Au-delà de cette logique d’ambassadeurs, Bpifrance et l’Ademe vont proposer deux programmes d’accélération. Autrement dit, un accompagnement de longue durée. Il s’agit toutefois, là encore, de mêler du neuf avec du vieux.

• Deux accélérateurs activés

Le premier est l’accélérateur « Transition énergétique », lancé depuis octobre 2019. Une deuxième promotion de trente entreprises est annoncée pour… 2021. Comme son nom l’indique, il continuera de s’adresser uniquement aux acteurs de l’énergie.

Le second, nouveau, se veut un « accélérateur de transition », avec une cible plus large : il s’adresse aux sociétés présentant un « projet ambitieux en matière de transition écologique » bas carbone. Elles seront une vingtaine à l’intégrer, afin d'« asseoir leurs objectifs [environnementaux], éventuellement en faisant évoluer leur business model, structurer un plan d’actions détaillé et en sécuriser le déploiement », a expliqué Élisabeth Borne. Sélection des bénéficiaires en cours d’année, pour un démarrage… en 2021 toujours.
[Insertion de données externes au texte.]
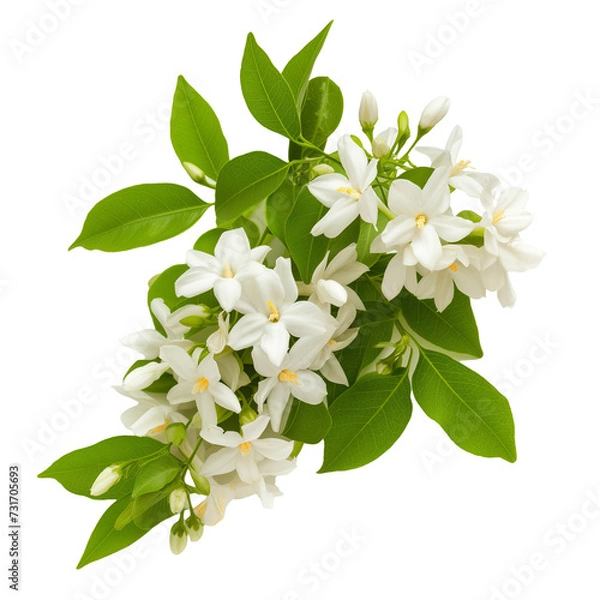 Fototapeta a bush of jasmine flowers, isolated on transparent background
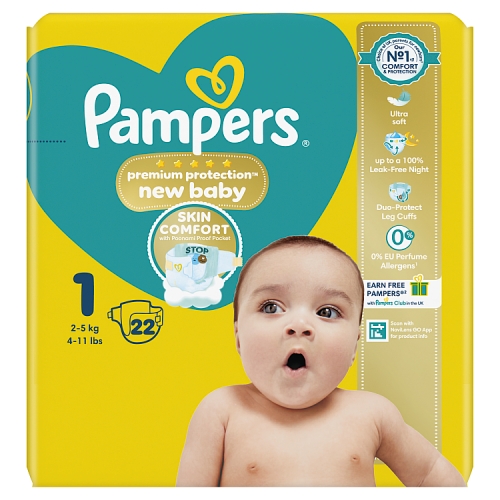 Pampers Newborn Carry Pack Size 1 22s pack shot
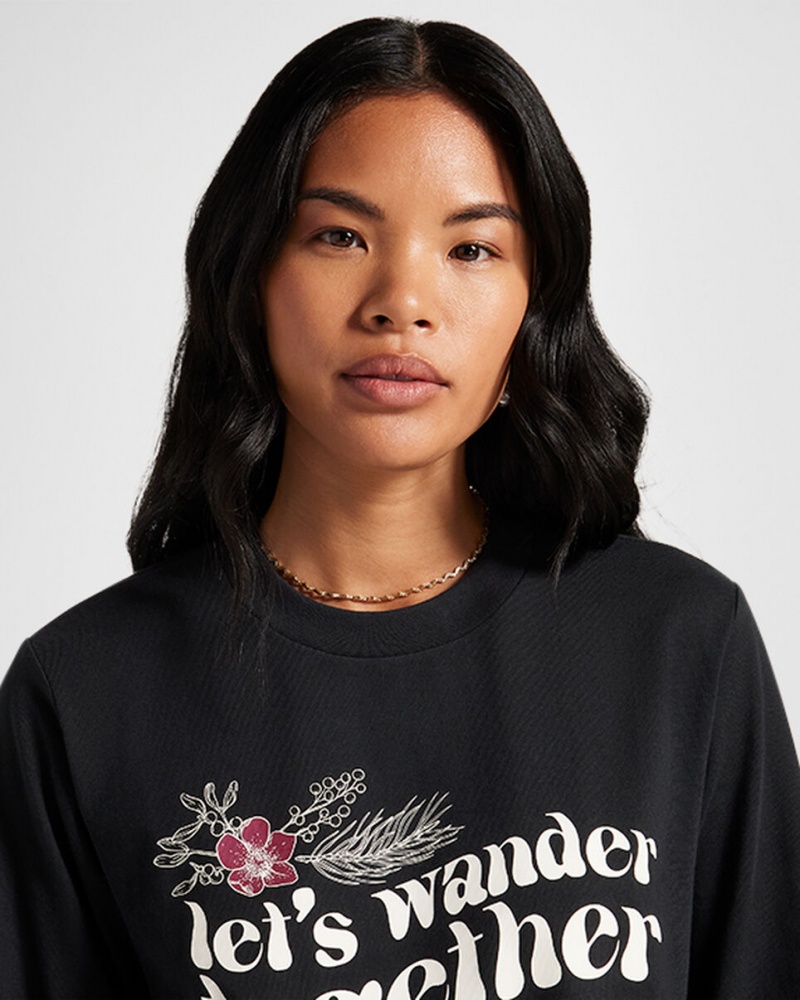 Converse Let's Wander Together Long Sleeve T-Shirt Schwarz | 3245-EQCWG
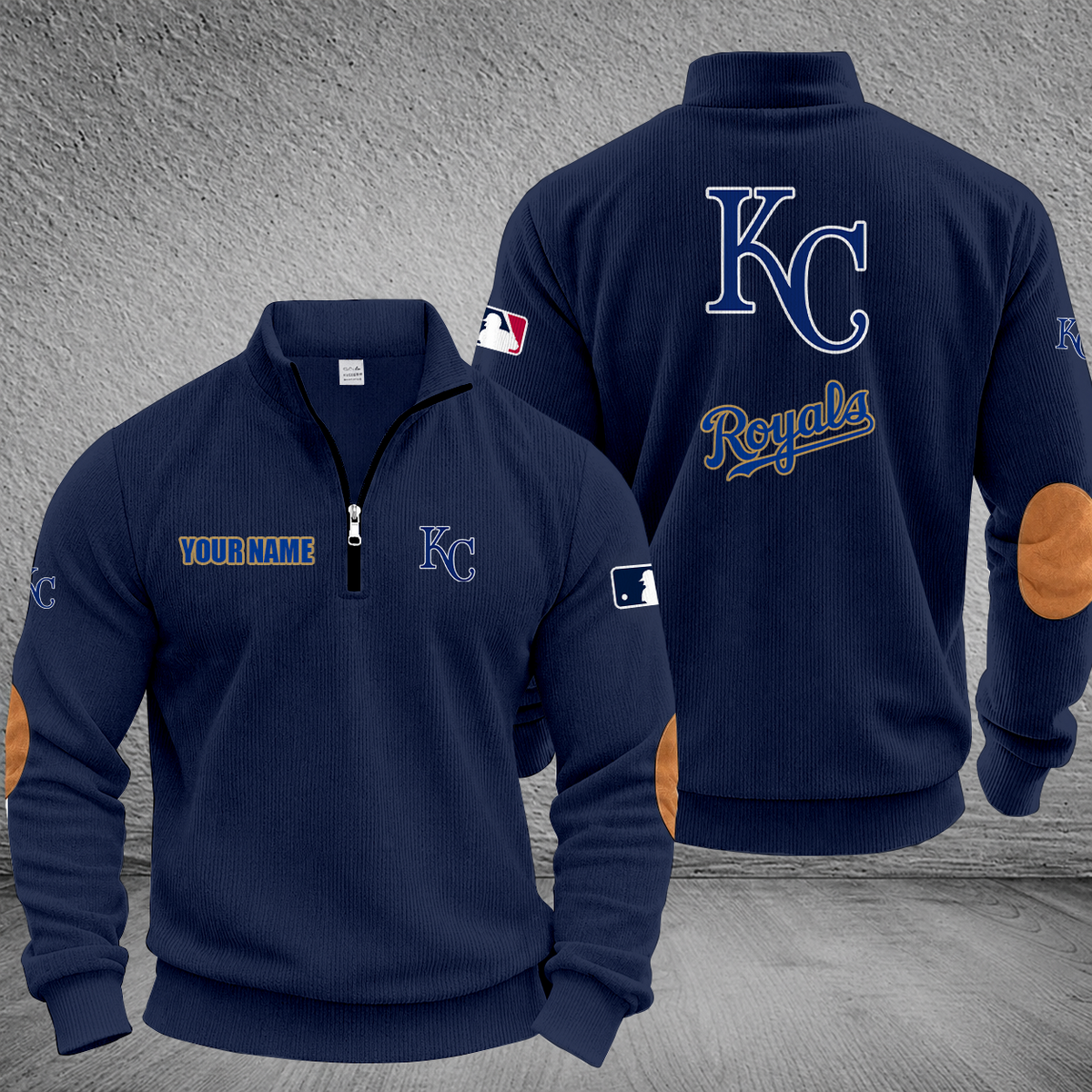 [FLASH SALE] NEW CUSTOMIZED MLB19 KCR KANSAS CITY ROYALS MULTICOLOR STRIPED QUATER ZIP SWEATSHIRT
• Deux engagements attendus

Enfin, le gouvernement entend encourager les entreprises à s’engager dans l’économie circulaire (un appel à projets de 15 à 30 millions d’euros sera bientôt lancé autour des matières recyclées) et sur la biodiversité (par le biais du dispositif « Entreprises engagées pour la nature »).
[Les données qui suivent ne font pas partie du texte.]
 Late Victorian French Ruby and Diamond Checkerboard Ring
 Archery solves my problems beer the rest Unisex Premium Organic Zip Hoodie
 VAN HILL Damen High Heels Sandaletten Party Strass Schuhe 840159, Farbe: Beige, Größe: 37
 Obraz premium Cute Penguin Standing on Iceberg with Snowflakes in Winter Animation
Un plan « ambitieux » dans l’esprit, plus que dans la lettre

Alors, « ambitieux », ce plan, comme l’a qualifié la ministre de la Transition écologique ? Si c’est le cas, il ne l’est pas tant par les moyens déployés (250 millions d’euros à peine donc) ni par les outils mobilisés (près de la moitié existait en fait déjà), mais davantage par le « message simple » qu’il est censé délivrer aux chefs d’entreprise, selon Élisabeth Borne : « Alors que nous allons faire face à une crise économique majeure, a-t-elle expliqué, la transition écologique, ce n’est pas une contrainte, c’est une opportunité. […] C’est de cette manière qu’un dirigeant prépare l’avenir de son entreprise, renforce son attractivité en tant qu’employeur, consolide son projet avec ses salariés, en alliant performances économique et écologique. »

C’est cette logique que le gouvernement a voulu « accélérer ». Mais en douceur : « On ne va pas inventer une recette magique pour que les PME s’engagent dans la transition écologique, si elles ne le veulent pas », a fini par admettre la ministre, qui promet : « Nous pourrons ré-abonder [les dispositifs], quand nous aurons démontré qu’ils marchent formidablement bien. » L’accélération de la transition oui, mais en gardant un œil dans le rétro et le pied sur le frein.